Vegan Brigaderios

Fran Costigan's Vegan Brigaderios

I was glued to the TV coverage of the 2016 Olympics in Rio last week. Swimming and gymnastics have always been my favorites of the summer competitions, but this year I marveled at the white water rafting, volleyball, and pretty much everything else.

So with Brazil, and Rio in particular, on my mind, I was thinking about my friend and colleague chef Daniel Biron and his brand new restaurant Teva in Rio. Opened just a few days, it is already garnering raves. I was very interested when Anna Paula, another Brazilian friend told me about about brigadeiro, saying this very sweet fudgy confection is a staple sweet at children’s birthday parties in Brazil.

Since brigaderios are typically made from sweetened condensed milk, cocoa powder, and butter, then rolled into balls and coated with sprinkles, it seemed easy to do – and it was, once I made the vegan sweetened condensed milk. I couldn’t see why butter was needed in the mixture or to coat my hands before rolling, which is typically done, so I left those steps out. I did use more cocoa powder than most recipes specified.

 

vegan dulce de leche
Sweetened Condensed Milk is becoming more like Dulce de Leche.

The vegan sweetened condensed milk was easy but it does take time, as the milk has to reduce for over an hour. I decided to take the condensed milk to dulce de leche by reducing it further, thinking the thicker, taster cooked milk would work best.

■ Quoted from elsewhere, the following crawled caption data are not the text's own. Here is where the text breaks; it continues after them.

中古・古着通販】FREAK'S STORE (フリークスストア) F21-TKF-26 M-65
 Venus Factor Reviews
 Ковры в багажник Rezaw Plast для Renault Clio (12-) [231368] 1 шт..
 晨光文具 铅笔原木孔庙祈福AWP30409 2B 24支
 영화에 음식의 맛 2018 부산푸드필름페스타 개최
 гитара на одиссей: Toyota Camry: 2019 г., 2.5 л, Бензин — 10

Then, making the fudgy base was easy.

Anna Paula’s mother who was visiting from Brazil, gave these thumbs up. I hope you will too!

 

Fran Costigan's Vegan BrigaderiosVegan Brigaderios

The National Truffle of Brazil

Yield: about 1 cup fudge base, 12 to 14 brigadeiros

There are many recipes for brigadeiros. Even with the large amount of sugar, this version is still less sweet than traditional versions. This recipe is long, but trust me, it’s just dulce de leche and cocoa. The dulce can be made ahead and refrigerated in a covered container for two weeks.

Tips for Success
Freeze the brigadeiro mixture before shaping the truffles. If they get too soft to shape at any point, put them back into the freezer. Plan to wash and dry your hands a few times. Keeping the fudge very cold, and using plastic wrap to push the fudge into balls is helpful.

For the Dulce de Leche

  • 3 1/4 cups soy milk
  • 1 1/4 cups organic cane sugar (or use coconut sugar)
  • 1/8 teaspoon sea salt
  • 1 teaspoon pure vanilla extract

For the Brigaderios

  • 1/4 cup Dutched or natural cocoa powder. Here it is a matter of taste. I used Dutched.
  • 1/2 cup vegan sprinkles, coconut flakes, and chopped nuts to coat, or as needed
  • small paper candy cups

 

Make the Dulce de Leche

  1. Combine all of the ingredients except the vanilla in a large heavy bottom saucepan. The wider the saucepan, the faster the milk will reduce. Have a 4-cup measure ready near the stove.
  2. Bring the milk, sugar, and salt to a low boil over medium low heat. Immediately reduce the heat to low, adjusting heat as needed to maintain an active simmer. Simmer for 1 hour, whisking often.
  3. After about 30 minutes you will see the bubbles in the milk get more active and bigger, even on lowest heat, while the milk gets darker as it caramelizes.
  4. At 45 minutes, pour the milk into the measuring cup. Whisk until the bubbling stops and measure. You want 1 cup, so cooking longer is likely. It took 1 1/4 hours until my milk was fully reduced. Cook as long as needed. Once the milk has fully reduced, remove from the heat and add the vanilla.
  5. Either proceed to making the brigaderios, or cool and refrigerate the dulce de leche in a covered jar until needed.

 

Fran Costigan's Briagadarios – Cooking the Mixture

Make the Brigaderios

  1. Whisk the cocoa powder into warm dulce de leche in two additions. Chocolate mixtures burn easily, so stir constantly with both a silicon spatula and whisk, reaching the sides and bottom of the saucepan. The bottom of the saucepan will film but it should not burn.
  2. Cook at an active simmer for 5 minutes until the fudge is thick and shiny. Put a very small amount into a little dish and refrigerate 10 minutes to test. Cover the saucepan to keep the mixture warm. If the test can be pushed into a ball, albeit a soft and sticky one, scrape it into a shallow container lined with plastic wrap, and allow to cool. Freeze a few hours. If the test is much too soft, cook a minute or two longer.

 

Fran Costigan's Vegan Brigaderios

Shape the Brigaderios

Traditional recipes call for pulling off pieces of the fudge and rolling into balls in buttered hands. I am not buttering my hands, not even with vegan butter.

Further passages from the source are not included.